Tata à Ouarzazate en passant par Marrakech.

 

Nous nous sommes dirigés de plus en plus vers l'Est du pays en ligne droite pour trouver sur notre chemin en fin d'après-midi la fin ou le début, cela dépens de l'endroit où l'on débute la visite de la région, la  Vallée du Draâ et ses oasis, avec comme première étape la ville de Zagora qui est la plus au Sud, près de la frontière algérienne.

Quelle ne fut pas notre surprise en arrivant dans la petite bourgade, d'apprendre qu'aujourd'hui la ville accueillait l'arrivée de l'avant dernière étape du 4L trophy. Les personnes qui nous connaissent savent que nous sommes, tout les trois, de grand fan de cette voiture mythique, à tel point que c'est notre voiture de tout les jours en France. Alors nous étions très heureux de pouvoir déambuler dans les coulisses de la course durant les deux jours de leur présence ici, de vrais gosses.

Bonjour, la piste.

L'arrivée du 4L trophy.

Les coulisses de la course.

Ils sont cuits les jeunes.

Quelques jours de repos, à Zagora, le temps de voir les petites 4l, dépoussiérer le camion après la piste, sans oublier de déguster le couscous du vendredi, après tout cela, nous avons repris la route , direction le Nord, pour rejoindre la ville de Ouarzazate notre prochaine escale. 

Ce fut deux cents kilomètres à travers des oasis verdoyantes, nichées au cœur d'une vallée enclavée par des montagnes , de kashba sans âge, habitées ou à l'abandon, le Maroc dans toute sa splendeur.

Kashba de la Vallée du Draâ.

Palmeraie verdoyante.

Un peu d'entretien.

Mais, nous avons changé d'époque.

Ou de pays.

Bienvenue chez Cléopâtre.

Les Studios Atlas.

Ouarzazate que dire, pas grand chose, la ville est moderne tout en étant ancienne, sa renommé vient du fait que de nombreux films internationaux sont tournés ici dans un des deux studio, dont le plus important est le Studio Atlas.
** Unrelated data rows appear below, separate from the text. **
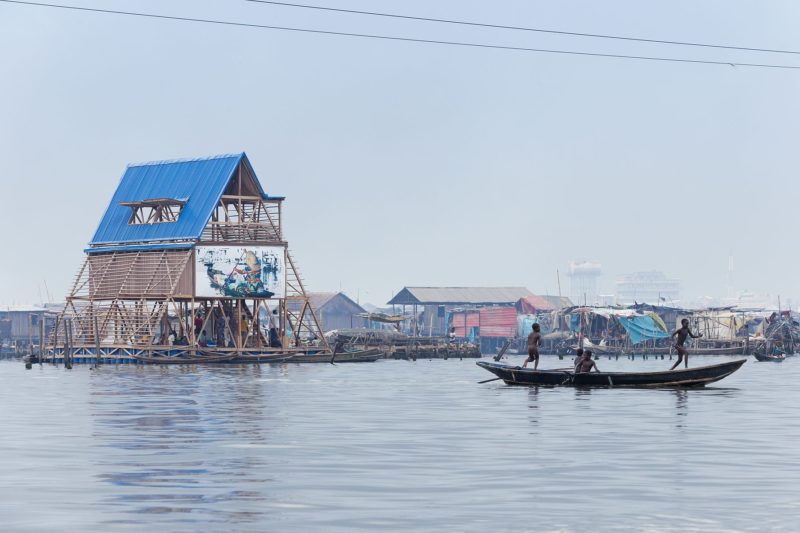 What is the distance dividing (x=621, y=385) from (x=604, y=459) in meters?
20.6

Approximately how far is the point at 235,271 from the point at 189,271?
8.88ft

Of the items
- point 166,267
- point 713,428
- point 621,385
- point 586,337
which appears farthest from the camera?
point 586,337

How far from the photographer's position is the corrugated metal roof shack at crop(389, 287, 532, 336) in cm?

Nous avons donc joué aux touristes en allant le visiter, il est vrai que ce n'est pas Hollywood, mais ce fut très intéressant de déambuler dans ces décors de papier marché. 

Comme il n'y a rien de très intéressant à faire ici hormis les studios et L'oasis de Fint à une dizaine de kilomètres de la ville, un vrai havre de paix où nous séjournerons (mais ça c'est pour plus tard) dès notre retour de Marrakech où nous devons nous rentre pour faire quelques achats avant d'aller dans le désert. 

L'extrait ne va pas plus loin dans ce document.